▶ Assigned task: Exactly as they stand, copy the lines from the one containing "Gasoline Forklifts - Yale GP050MX (3)" to the final line of the data; leave out the pictures.

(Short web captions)

----

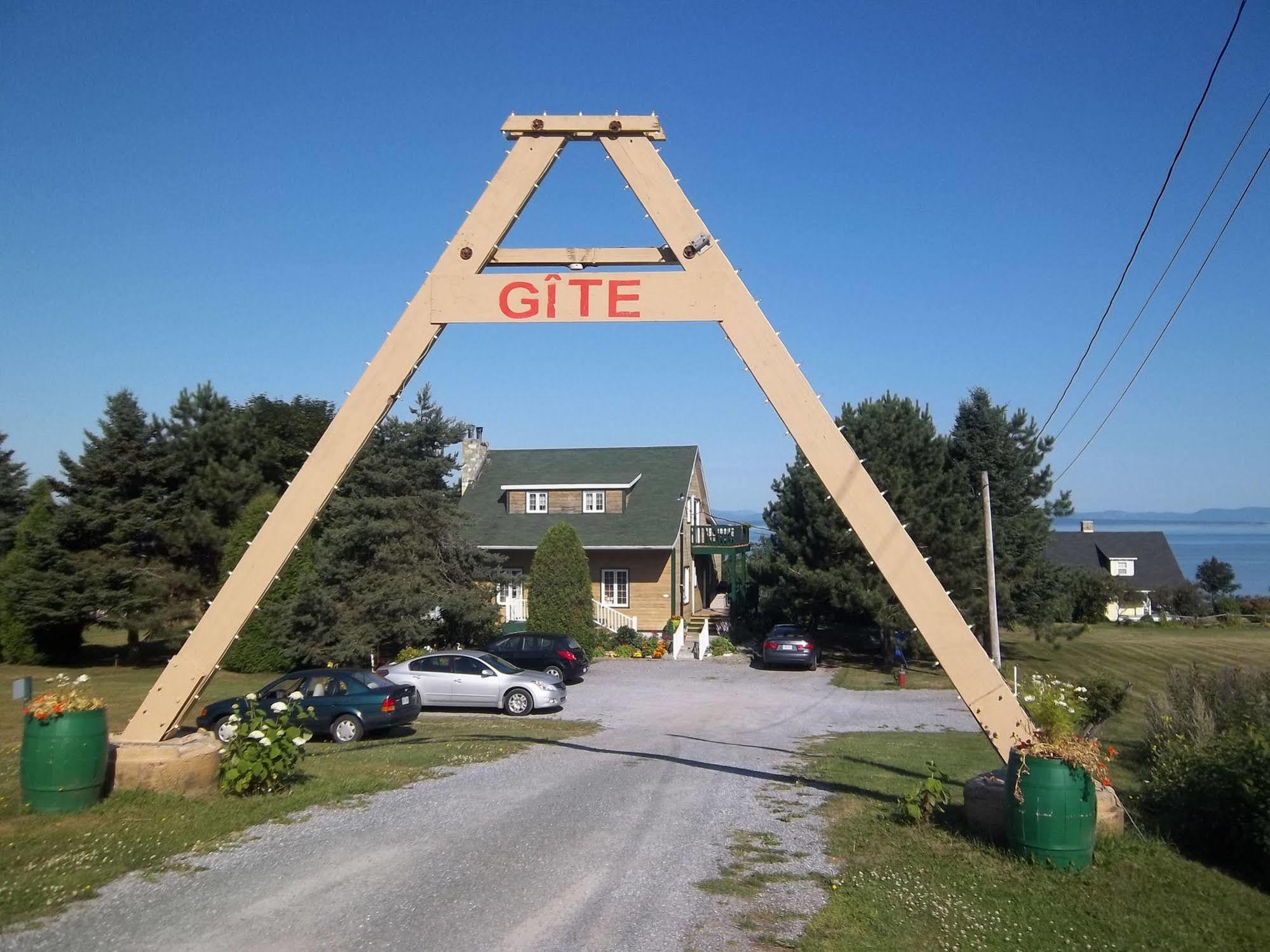 Gite La Halte Du Verger Bed And Breakfast Riviere-du-Loup Exterior foto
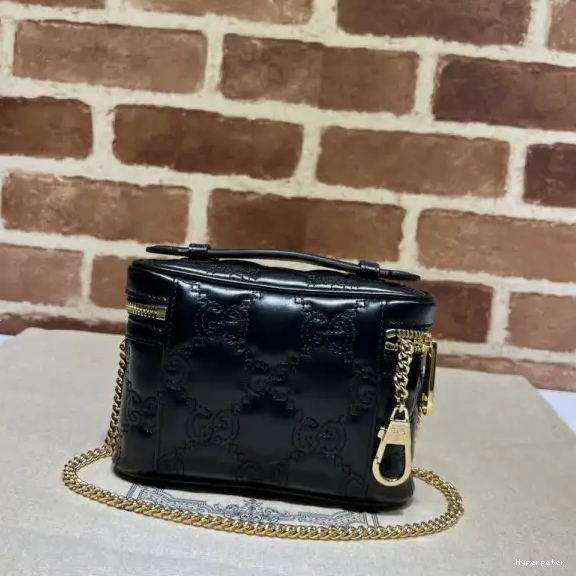 Hyper Peter bag mini GG GUCCI top handle Matelassé 0603
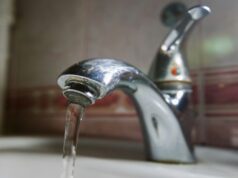 Українцям радять запасатися водою і продуктами: скільки треба мати Українцям-радять-запасатися-водою-і-продуктами:-скільки-треба-мати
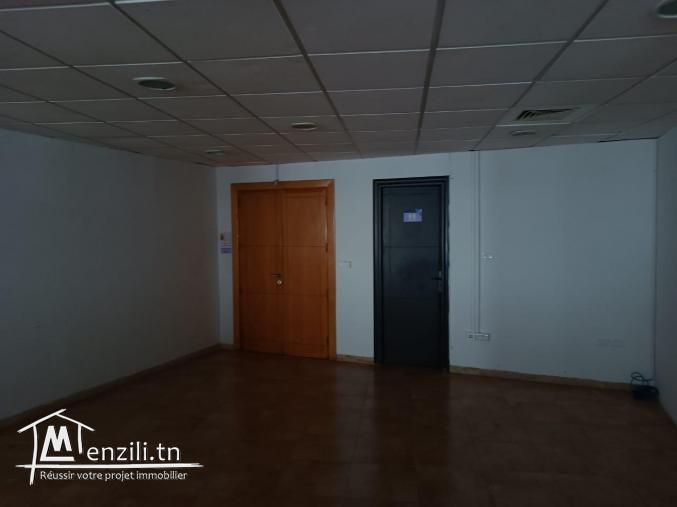 location un espace commercial (open space) de 1300 m2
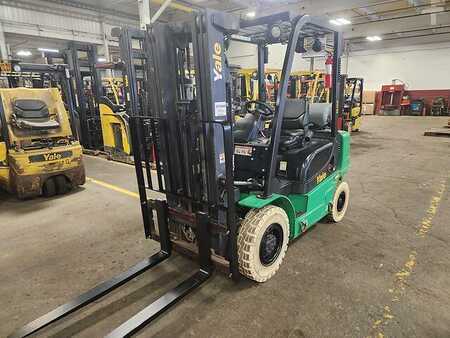 Gasoline Forklifts - Yale GP050MX (3)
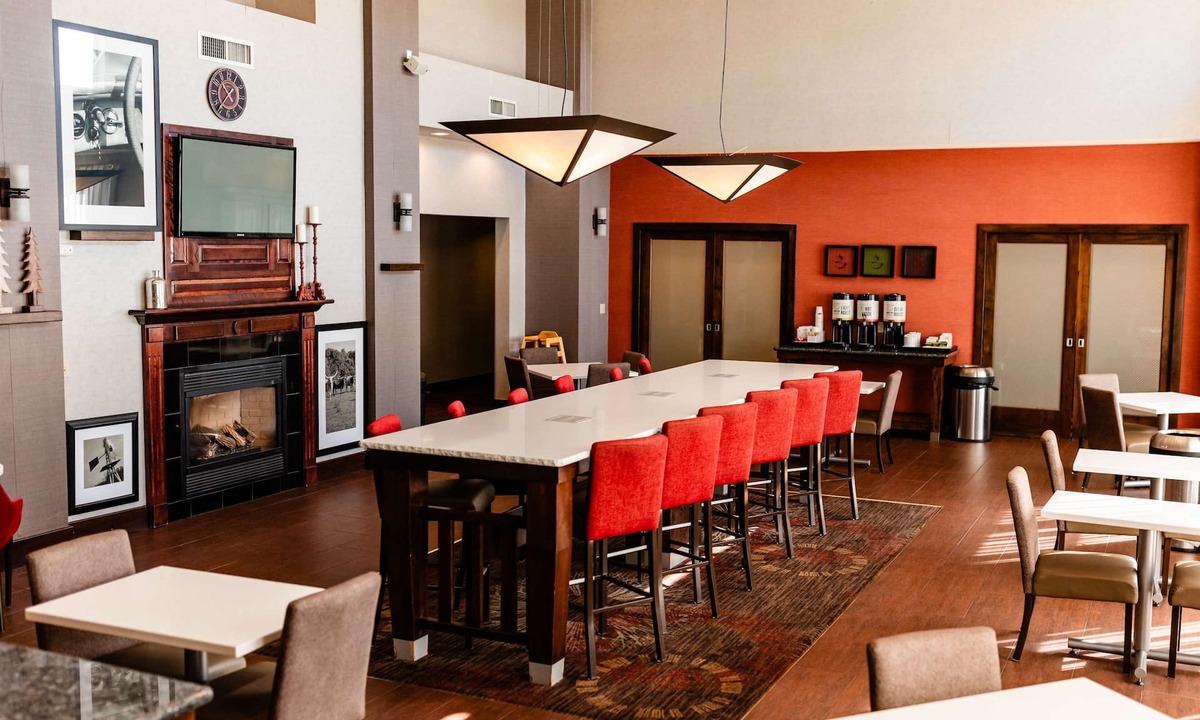 Scottsbluff Hotel | Hampton Inn & Suites Scottsbluff Conference Center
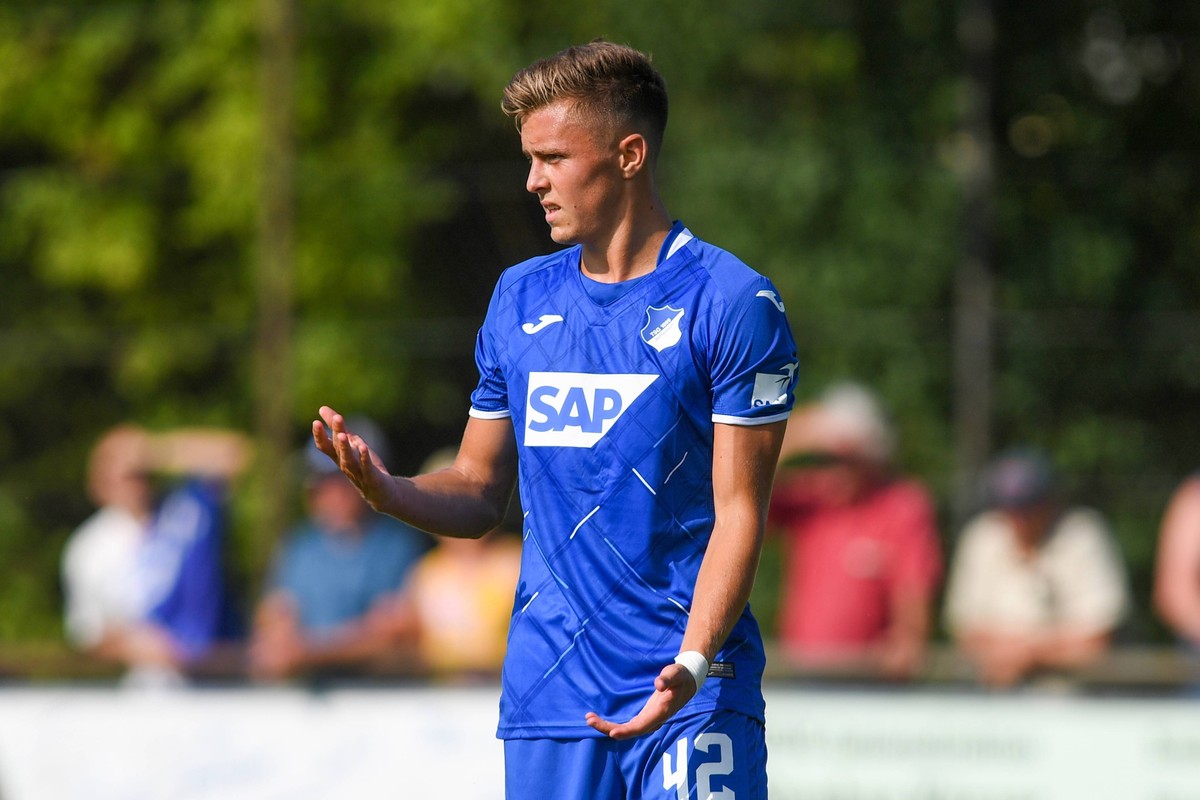 TSG 1899 Hoffenheim - SV Jahn Regensburg Hoffenheims Christoph Baumgartner (Nr.42) beim Testspiel, TSG 1899 Hoffenheim - SV Jahn Regensburg.. Zuzenhausen. 17.07.19 Fussball Testspiel , Zuzenhausen Bad ...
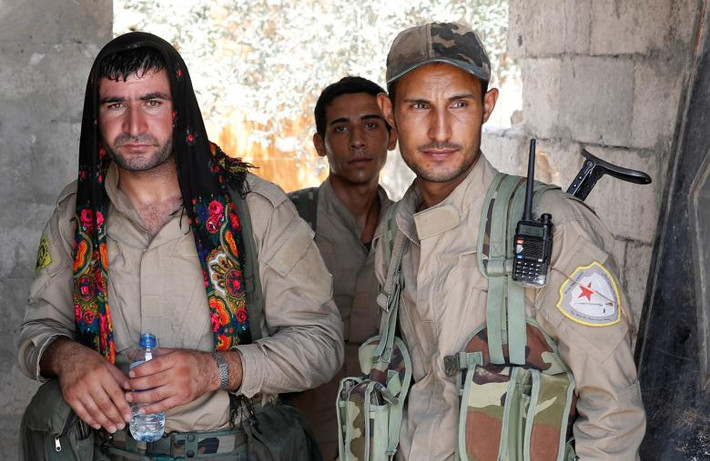 Trước đó, ngày 26/6, người đứng đầu Cơ quan Giám sát Nhân quyền Syria (SOHR) cho biết kể từ khi lực lượng SDF tiến hành tổng tấn công Raqqa hồi đầu tháng 6/2017, lực lượng này đã giành được quyền kiểm soát 1/4 thành phố từ tay IS.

----

▶ Response to this exercise:
 Gasoline Forklifts - Yale GP050MX (3)
 Scottsbluff Hotel | Hampton Inn & Suites Scottsbluff Conference Center
 TSG 1899 Hoffenheim - SV Jahn Regensburg Hoffenheims Christoph Baumgartner (Nr.42) beim Testspiel, TSG 1899 Hoffenheim - SV Jahn Regensburg.. Zuzenhausen. 17.07.19 Fussball Testspiel , Zuzenhausen Bad ...
 Trước đó, ngày 26/6, người đứng đầu Cơ quan Giám sát Nhân quyền Syria (SOHR) cho biết kể từ khi lực lượng SDF tiến hành tổng tấn công Raqqa hồi đầu tháng 6/2017, lực lượng này đã giành được quyền kiểm soát 1/4 thành phố từ tay IS.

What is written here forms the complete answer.